- Brief -
Pictures excluded, output the lines of the data below between the one holding "Both the Samsung" and the one holding "What can't most", inclusive, exactly as they stand.

- Input data -

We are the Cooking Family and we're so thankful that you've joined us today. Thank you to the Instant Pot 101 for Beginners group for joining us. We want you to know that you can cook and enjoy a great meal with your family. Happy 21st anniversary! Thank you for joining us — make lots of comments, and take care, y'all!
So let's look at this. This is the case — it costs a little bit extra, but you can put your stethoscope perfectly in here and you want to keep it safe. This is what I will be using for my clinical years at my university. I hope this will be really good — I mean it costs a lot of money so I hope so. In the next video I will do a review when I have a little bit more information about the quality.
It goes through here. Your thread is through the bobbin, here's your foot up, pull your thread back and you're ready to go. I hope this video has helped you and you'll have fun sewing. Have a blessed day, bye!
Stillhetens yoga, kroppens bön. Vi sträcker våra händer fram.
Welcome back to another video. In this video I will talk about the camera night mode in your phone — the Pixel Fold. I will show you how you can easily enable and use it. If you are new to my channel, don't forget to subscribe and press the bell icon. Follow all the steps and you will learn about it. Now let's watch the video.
==
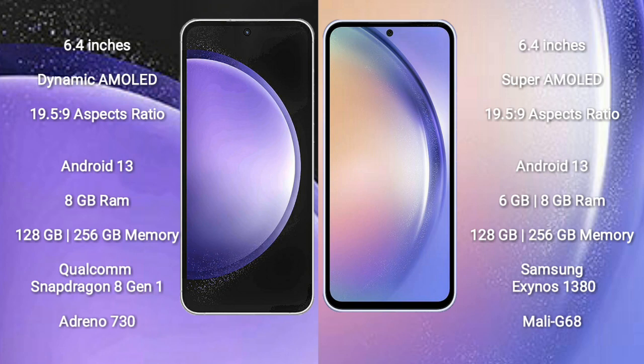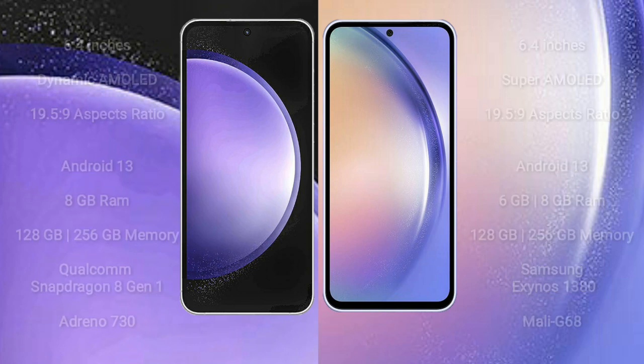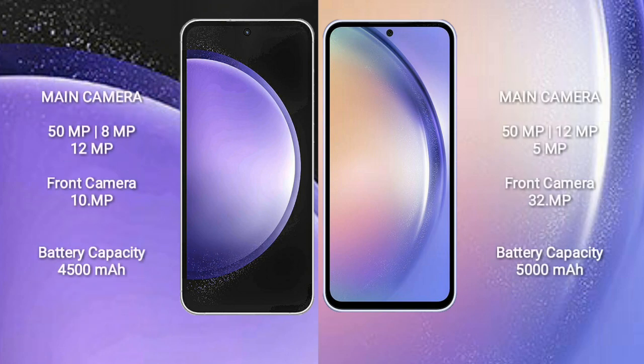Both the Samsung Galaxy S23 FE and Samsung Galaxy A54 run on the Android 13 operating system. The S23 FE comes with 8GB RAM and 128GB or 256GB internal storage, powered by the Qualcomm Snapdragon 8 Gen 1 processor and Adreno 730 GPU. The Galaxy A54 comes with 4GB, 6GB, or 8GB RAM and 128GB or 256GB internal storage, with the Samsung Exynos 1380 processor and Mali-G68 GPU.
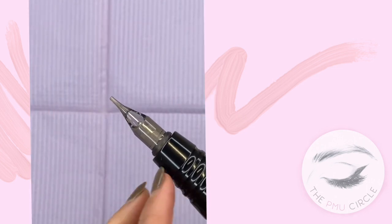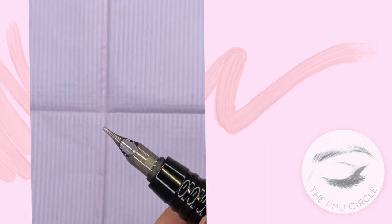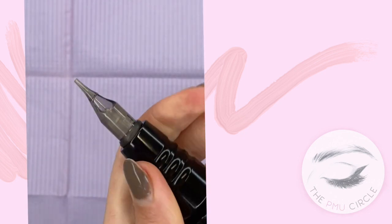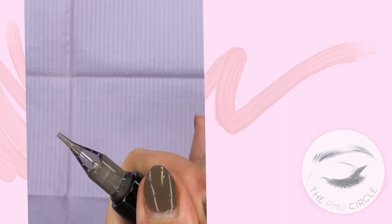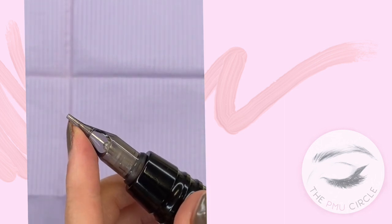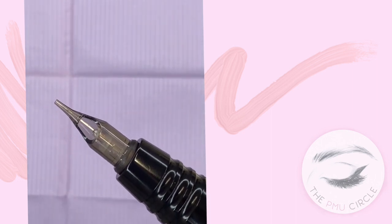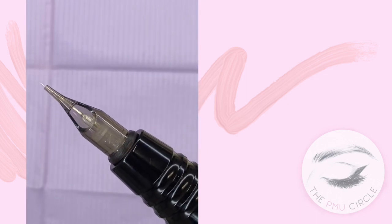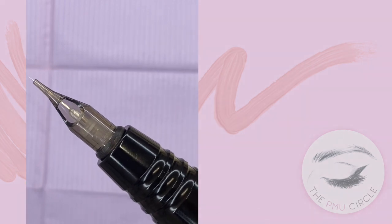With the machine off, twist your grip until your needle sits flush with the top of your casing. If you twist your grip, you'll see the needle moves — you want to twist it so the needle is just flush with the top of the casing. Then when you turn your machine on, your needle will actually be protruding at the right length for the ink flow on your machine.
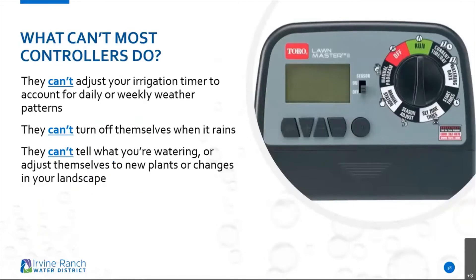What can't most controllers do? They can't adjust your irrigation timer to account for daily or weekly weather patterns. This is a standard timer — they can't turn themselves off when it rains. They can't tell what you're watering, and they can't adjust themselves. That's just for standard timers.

- Answer section -
Both the Samsung Galaxy S23 FE and Samsung Galaxy A54 run on the Android 13 operating system. The S23 FE comes with 8GB RAM and 128GB or 256GB internal storage, powered by the Qualcomm Snapdragon 8 Gen 1 processor and Adreno 730 GPU. The Galaxy A54 comes with 4GB, 6GB, or 8GB RAM and 128GB or 256GB internal storage, with the Samsung Exynos 1380 processor and Mali-G68 GPU.
With the machine off, twist your grip until your needle sits flush with the top of your casing. If you twist your grip, you'll see the needle moves — you want to twist it so the needle is just flush with the top of the casing. Then when you turn your machine on, your needle will actually be protruding at the right length for the ink flow on your machine.
What can't most controllers do? They can't adjust your irrigation timer to account for daily or weekly weather patterns. This is a standard timer — they can't turn themselves off when it rains. They can't tell what you're watering, and they can't adjust themselves. That's just for standard timers.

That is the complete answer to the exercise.